With a low cry, Locke sprang past the other.
"Polly!" he cried.
She was clutching at the edge of the door, her form drooping lower and lower as though her support were evading her and she could not keep pace with its escape, her face a deathly white, her eyes half closed.
Locke caught her as she fell, gathered her in his arms and carried her to a couch. She had fainted. As he looked hurriedly around for some means of reviving her, Captain Francis Newcombe spoke at his elbow.
"Permit me," said Captain Francis Newcombe. He was proffering the water in a flower vase from which he had thrown out the flowers.
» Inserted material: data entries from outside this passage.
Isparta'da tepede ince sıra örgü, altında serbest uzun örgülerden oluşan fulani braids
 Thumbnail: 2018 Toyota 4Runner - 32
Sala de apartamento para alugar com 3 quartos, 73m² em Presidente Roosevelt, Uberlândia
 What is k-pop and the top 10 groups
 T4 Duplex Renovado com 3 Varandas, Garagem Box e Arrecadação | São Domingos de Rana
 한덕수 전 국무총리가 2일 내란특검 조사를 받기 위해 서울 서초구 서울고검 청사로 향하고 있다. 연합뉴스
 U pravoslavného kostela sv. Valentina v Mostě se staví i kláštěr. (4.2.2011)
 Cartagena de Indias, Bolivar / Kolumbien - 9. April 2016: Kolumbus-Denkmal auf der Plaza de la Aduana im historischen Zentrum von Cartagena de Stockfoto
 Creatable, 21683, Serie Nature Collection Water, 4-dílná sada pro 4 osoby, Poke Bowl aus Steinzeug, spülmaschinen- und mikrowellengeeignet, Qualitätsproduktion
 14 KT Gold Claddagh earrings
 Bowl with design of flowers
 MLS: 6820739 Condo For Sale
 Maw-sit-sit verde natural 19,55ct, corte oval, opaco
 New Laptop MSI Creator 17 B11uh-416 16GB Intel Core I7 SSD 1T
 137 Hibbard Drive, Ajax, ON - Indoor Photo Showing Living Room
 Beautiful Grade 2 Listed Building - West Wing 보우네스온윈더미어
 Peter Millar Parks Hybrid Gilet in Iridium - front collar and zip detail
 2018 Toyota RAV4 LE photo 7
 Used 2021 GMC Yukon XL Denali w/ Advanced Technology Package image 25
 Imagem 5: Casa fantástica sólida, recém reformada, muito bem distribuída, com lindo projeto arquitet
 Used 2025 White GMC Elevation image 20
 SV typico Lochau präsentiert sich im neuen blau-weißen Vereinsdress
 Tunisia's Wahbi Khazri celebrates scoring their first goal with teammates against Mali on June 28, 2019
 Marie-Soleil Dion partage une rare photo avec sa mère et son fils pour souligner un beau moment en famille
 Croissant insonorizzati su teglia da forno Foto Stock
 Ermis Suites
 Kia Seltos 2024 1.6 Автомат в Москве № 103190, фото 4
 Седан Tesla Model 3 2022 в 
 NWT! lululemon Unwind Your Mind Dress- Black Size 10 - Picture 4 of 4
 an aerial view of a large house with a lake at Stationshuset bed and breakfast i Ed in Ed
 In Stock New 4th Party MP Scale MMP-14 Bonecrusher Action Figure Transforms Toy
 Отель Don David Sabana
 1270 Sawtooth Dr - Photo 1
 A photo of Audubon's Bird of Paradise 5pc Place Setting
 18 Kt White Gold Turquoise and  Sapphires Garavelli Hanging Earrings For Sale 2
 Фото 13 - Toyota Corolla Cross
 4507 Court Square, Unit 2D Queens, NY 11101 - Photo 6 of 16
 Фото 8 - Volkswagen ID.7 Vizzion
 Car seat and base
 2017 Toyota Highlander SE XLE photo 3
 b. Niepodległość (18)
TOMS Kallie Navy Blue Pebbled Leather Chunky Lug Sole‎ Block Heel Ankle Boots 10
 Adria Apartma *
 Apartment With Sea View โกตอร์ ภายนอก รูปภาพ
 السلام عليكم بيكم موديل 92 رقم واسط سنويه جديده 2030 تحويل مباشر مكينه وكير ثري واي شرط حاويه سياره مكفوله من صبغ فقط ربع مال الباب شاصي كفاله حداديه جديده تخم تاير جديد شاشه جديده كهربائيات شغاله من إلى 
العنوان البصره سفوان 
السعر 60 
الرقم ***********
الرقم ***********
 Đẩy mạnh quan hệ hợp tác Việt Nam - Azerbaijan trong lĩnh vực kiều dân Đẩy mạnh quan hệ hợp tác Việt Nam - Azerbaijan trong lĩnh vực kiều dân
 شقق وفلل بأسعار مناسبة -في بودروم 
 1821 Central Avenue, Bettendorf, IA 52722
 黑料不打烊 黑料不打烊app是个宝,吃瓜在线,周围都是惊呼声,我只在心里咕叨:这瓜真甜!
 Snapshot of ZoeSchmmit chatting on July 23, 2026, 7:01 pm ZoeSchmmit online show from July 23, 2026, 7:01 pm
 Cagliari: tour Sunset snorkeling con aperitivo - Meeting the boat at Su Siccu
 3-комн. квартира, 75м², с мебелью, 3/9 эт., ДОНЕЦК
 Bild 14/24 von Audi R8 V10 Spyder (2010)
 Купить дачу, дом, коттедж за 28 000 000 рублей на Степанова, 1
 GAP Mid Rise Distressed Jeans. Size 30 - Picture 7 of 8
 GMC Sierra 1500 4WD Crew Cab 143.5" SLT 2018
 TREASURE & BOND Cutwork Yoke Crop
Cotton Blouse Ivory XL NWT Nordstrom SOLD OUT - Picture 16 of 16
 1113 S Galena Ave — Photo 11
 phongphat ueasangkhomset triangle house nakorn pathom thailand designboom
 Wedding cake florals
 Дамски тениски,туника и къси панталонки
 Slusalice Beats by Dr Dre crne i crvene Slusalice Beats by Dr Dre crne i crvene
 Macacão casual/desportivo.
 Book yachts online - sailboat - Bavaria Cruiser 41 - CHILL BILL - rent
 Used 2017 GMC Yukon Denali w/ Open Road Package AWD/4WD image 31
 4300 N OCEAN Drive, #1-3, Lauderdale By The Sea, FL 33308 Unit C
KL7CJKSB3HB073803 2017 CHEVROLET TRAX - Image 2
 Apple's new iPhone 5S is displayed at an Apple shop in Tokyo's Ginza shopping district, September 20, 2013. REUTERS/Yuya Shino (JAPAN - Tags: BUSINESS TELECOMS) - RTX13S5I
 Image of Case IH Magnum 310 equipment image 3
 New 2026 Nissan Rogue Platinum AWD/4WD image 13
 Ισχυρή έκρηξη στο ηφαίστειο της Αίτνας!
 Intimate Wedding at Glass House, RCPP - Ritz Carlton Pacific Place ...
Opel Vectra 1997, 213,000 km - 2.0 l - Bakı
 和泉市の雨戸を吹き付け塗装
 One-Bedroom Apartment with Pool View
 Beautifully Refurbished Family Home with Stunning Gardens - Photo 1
Mechanically Locke took it, and began to sprinkle the girl's face.
"Too bad!" said Captain Francis Newcombe pleasantly. "Er—hardly necessary, I fancy, for me to explain my sudden departure for England to her—what? I'll say au revoir, Locke—merely au revoir. We may meet again. Who knows—in another four years! And I'll leave you to make my adieus to Miss Marlin."
Locke made no reply.
The door closed. Captain Francis Newcombe was gone.
Polly stirred now on the couch. Her eyes opened, rested for an instant on Locke's, then circled the room in a strange, quick, fascinated way, as though fearful of what she might see yet still impelled to look.